TO DO:
Exactly as written, set down each line of the data below except its pictures.

RECORDS FOR THIS EXERCISE:
* * *
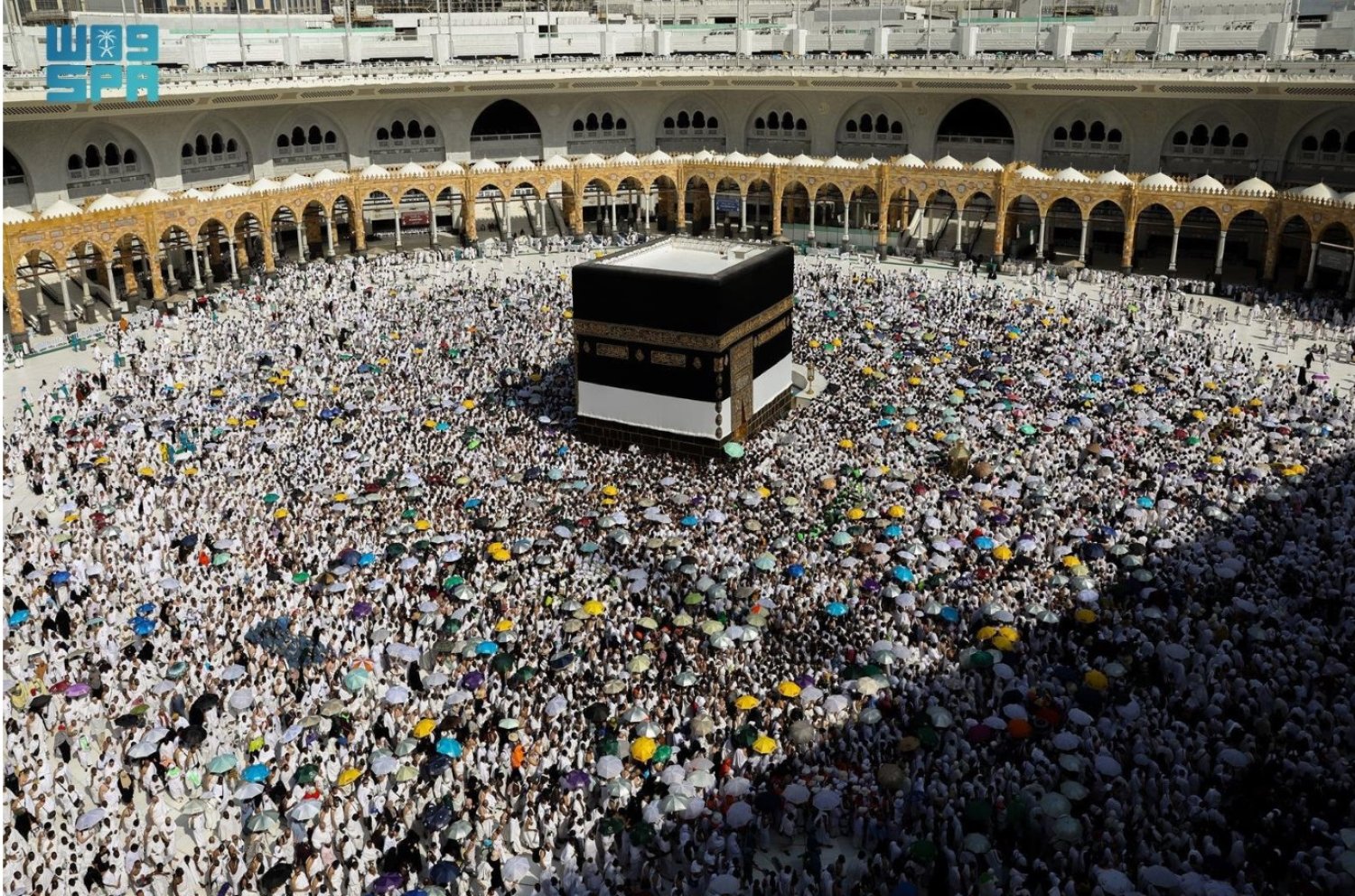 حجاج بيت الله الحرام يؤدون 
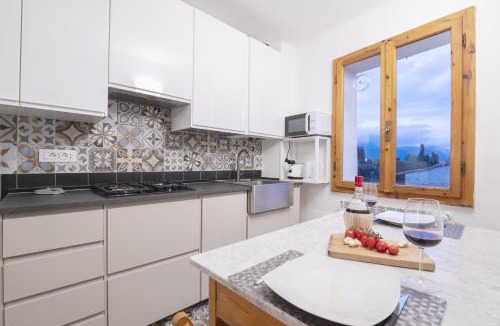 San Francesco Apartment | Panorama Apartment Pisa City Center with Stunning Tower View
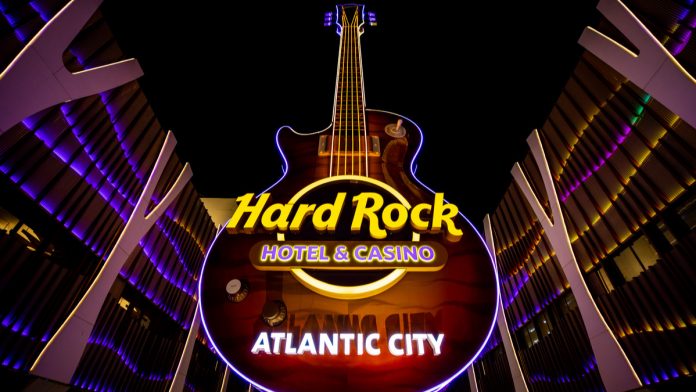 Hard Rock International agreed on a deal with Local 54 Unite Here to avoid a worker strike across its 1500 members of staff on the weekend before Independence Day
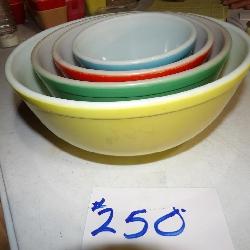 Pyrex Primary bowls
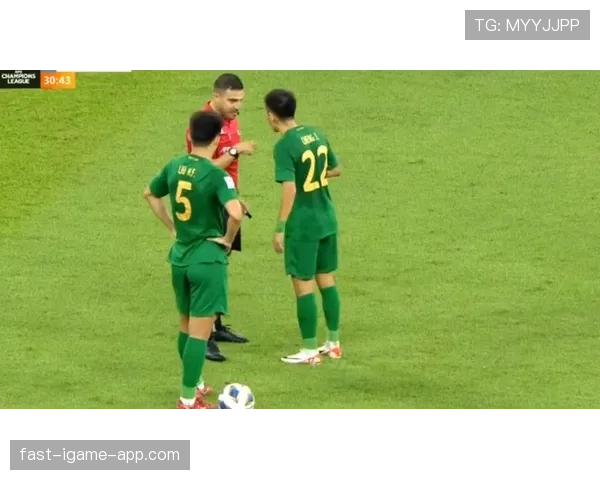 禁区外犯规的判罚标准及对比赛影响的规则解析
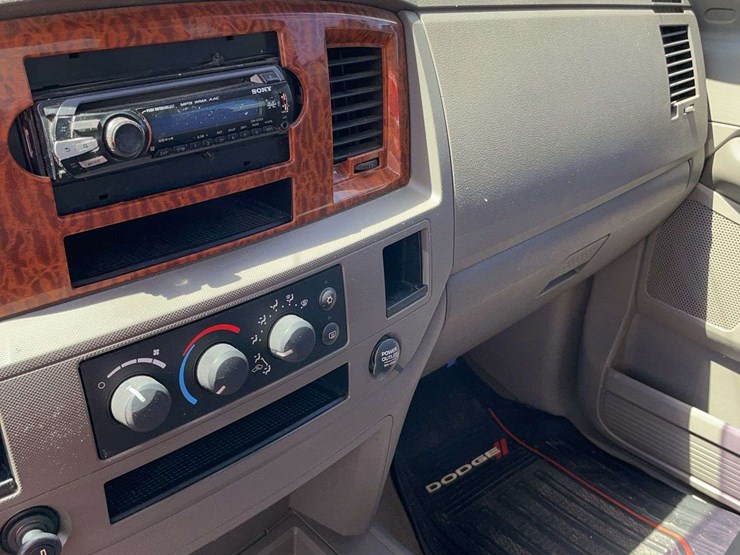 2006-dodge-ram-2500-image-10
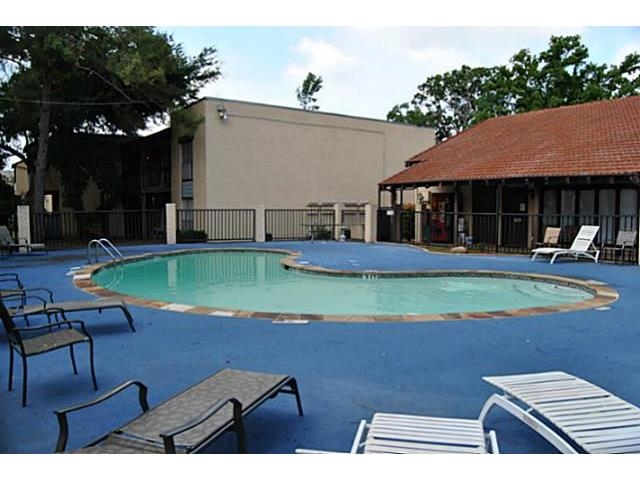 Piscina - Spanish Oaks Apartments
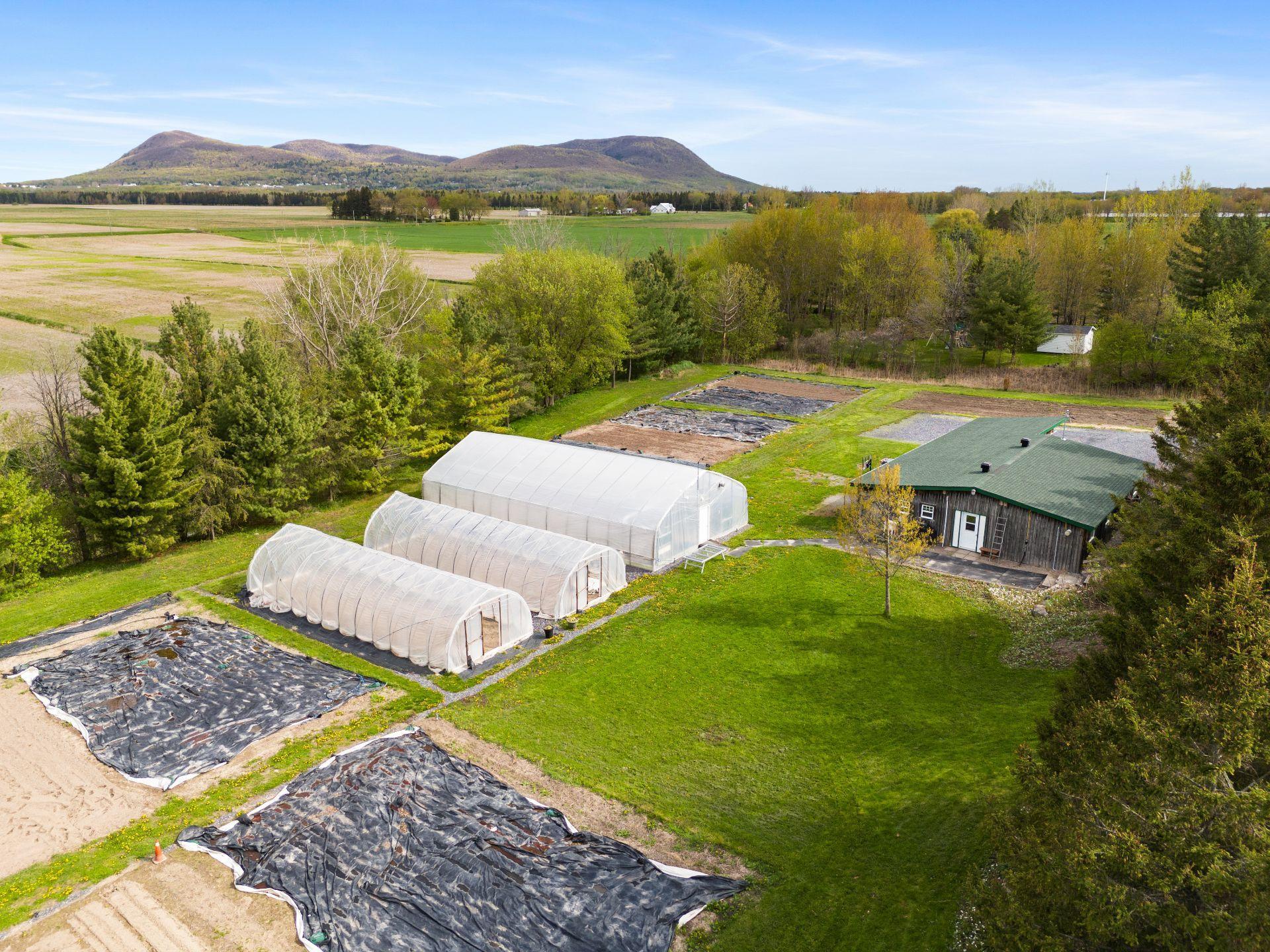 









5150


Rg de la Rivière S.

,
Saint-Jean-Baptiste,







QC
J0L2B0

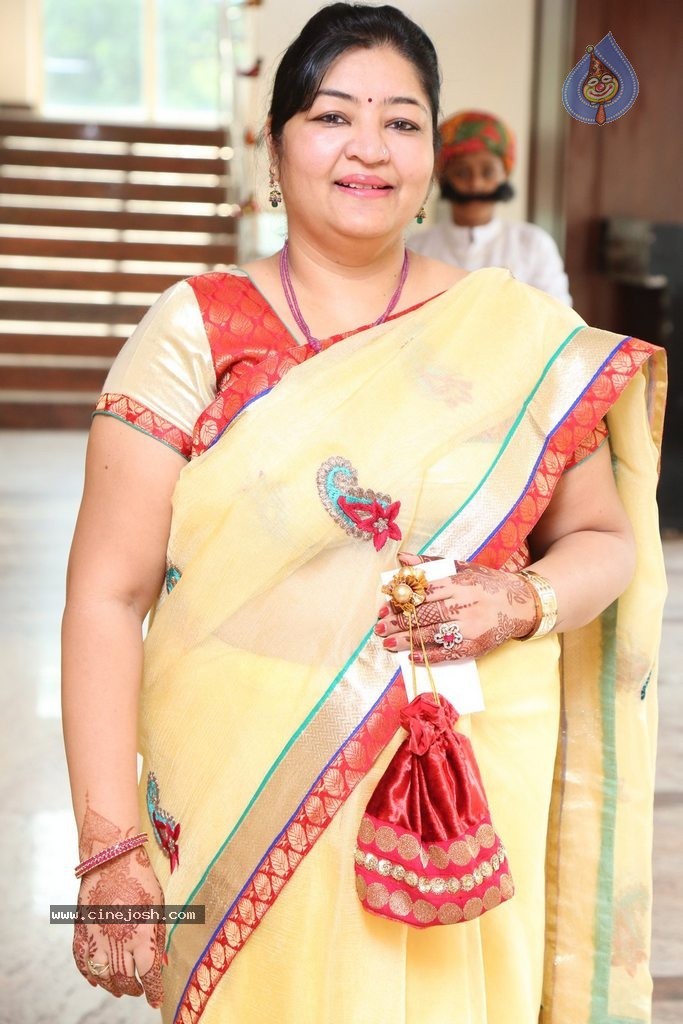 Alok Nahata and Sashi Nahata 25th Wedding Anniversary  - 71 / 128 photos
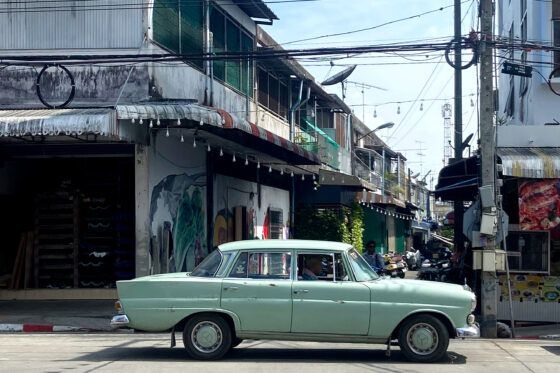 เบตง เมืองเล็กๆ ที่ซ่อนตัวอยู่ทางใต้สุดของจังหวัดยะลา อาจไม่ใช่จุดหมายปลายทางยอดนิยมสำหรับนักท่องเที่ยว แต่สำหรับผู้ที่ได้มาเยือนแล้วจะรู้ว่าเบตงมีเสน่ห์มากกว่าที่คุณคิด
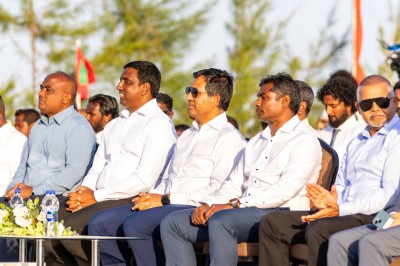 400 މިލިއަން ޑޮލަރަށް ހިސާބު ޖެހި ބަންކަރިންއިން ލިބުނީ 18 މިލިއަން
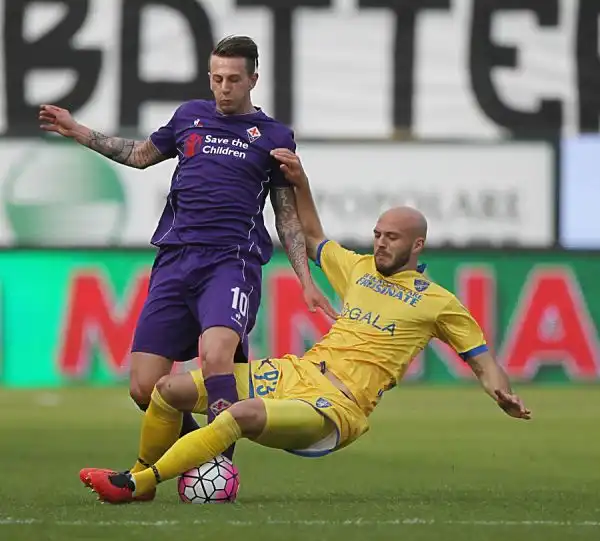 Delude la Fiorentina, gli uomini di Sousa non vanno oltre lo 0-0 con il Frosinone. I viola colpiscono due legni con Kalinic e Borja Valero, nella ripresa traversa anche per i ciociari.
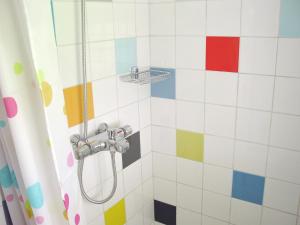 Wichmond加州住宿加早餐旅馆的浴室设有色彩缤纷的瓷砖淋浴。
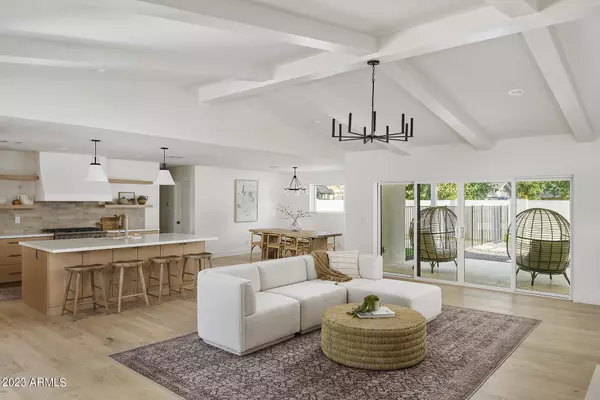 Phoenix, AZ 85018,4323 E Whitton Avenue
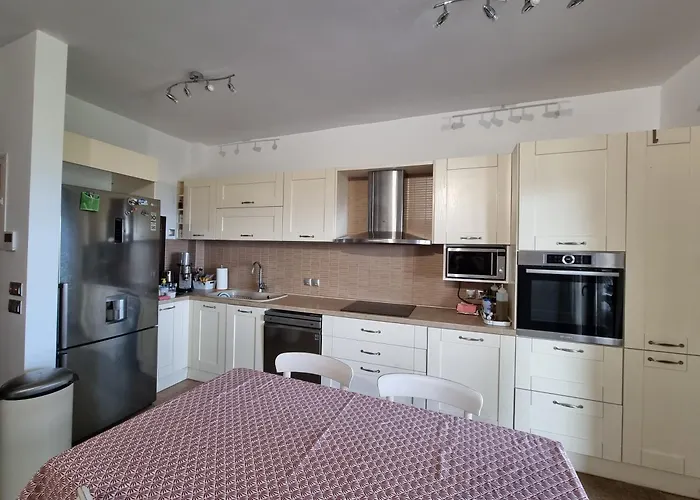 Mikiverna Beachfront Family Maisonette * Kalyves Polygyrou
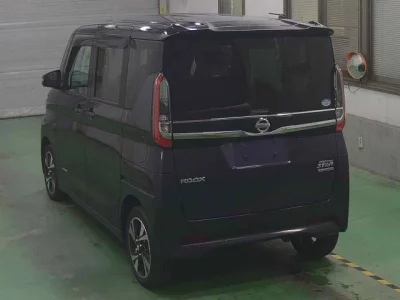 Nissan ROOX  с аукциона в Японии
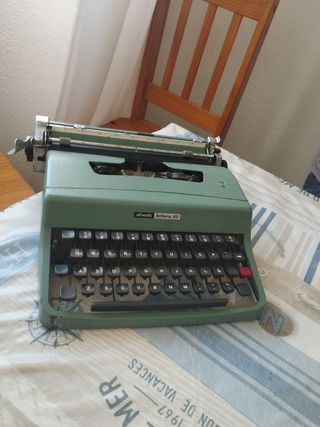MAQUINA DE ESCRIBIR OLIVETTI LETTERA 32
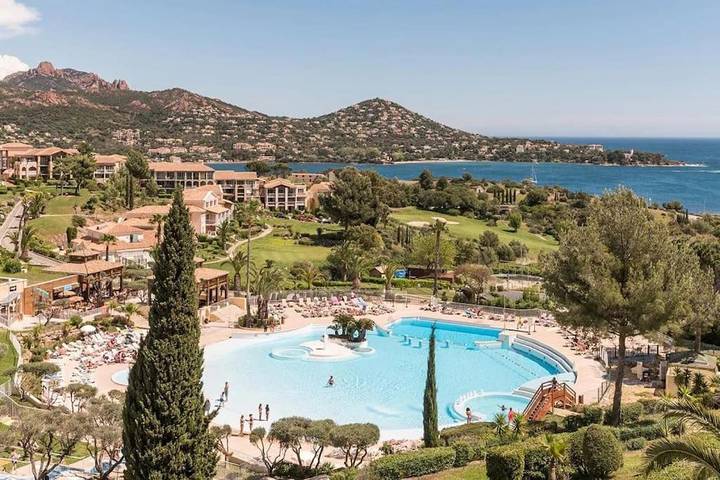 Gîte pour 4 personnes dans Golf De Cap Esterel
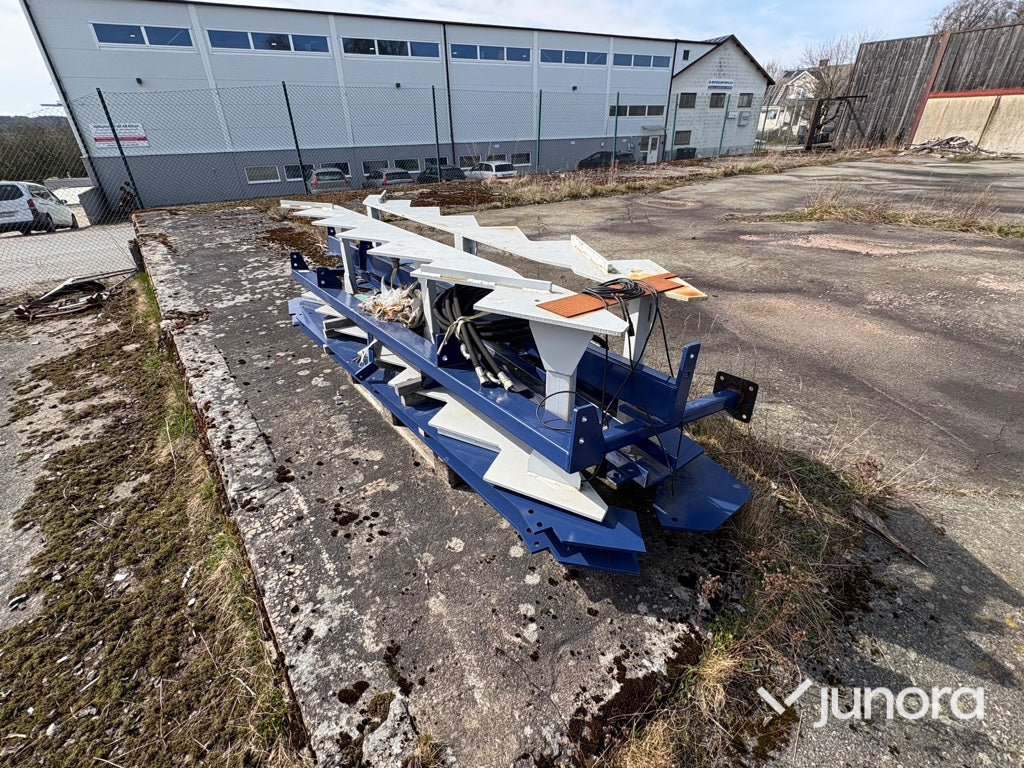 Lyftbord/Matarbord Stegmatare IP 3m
* * *
WRITTEN REPLY:
 حجاج بيت الله الحرام يؤدون 
 San Francesco Apartment | Panorama Apartment Pisa City Center with Stunning Tower View
 Hard Rock International agreed on a deal with Local 54 Unite Here to avoid a worker strike across its 1500 members of staff on the weekend before Independence Day
 Pyrex Primary bowls
 禁区外犯规的判罚标准及对比赛影响的规则解析
 2006-dodge-ram-2500-image-10
 Piscina - Spanish Oaks Apartments









5150


Rg de la Rivière S.

,
Saint-Jean-Baptiste,







QC
J0L2B0

 Alok Nahata and Sashi Nahata 25th Wedding Anniversary  - 71 / 128 photos
 เบตง เมืองเล็กๆ ที่ซ่อนตัวอยู่ทางใต้สุดของจังหวัดยะลา อาจไม่ใช่จุดหมายปลายทางยอดนิยมสำหรับนักท่องเที่ยว แต่สำหรับผู้ที่ได้มาเยือนแล้วจะรู้ว่าเบตงมีเสน่ห์มากกว่าที่คุณคิด
 400 މިލިއަން ޑޮލަރަށް ހިސާބު ޖެހި ބަންކަރިންއިން ލިބުނީ 18 މިލިއަން
 Delude la Fiorentina, gli uomini di Sousa non vanno oltre lo 0-0 con il Frosinone. I viola colpiscono due legni con Kalinic e Borja Valero, nella ripresa traversa anche per i ciociari.
 Wichmond加州住宿加早餐旅馆的浴室设有色彩缤纷的瓷砖淋浴。
 Phoenix, AZ 85018,4323 E Whitton Avenue
 Mikiverna Beachfront Family Maisonette * Kalyves Polygyrou
 Nissan ROOX  с аукциона в Японии
MAQUINA DE ESCRIBIR OLIVETTI LETTERA 32
 Gîte pour 4 personnes dans Golf De Cap Esterel
 Lyftbord/Matarbord Stegmatare IP 3m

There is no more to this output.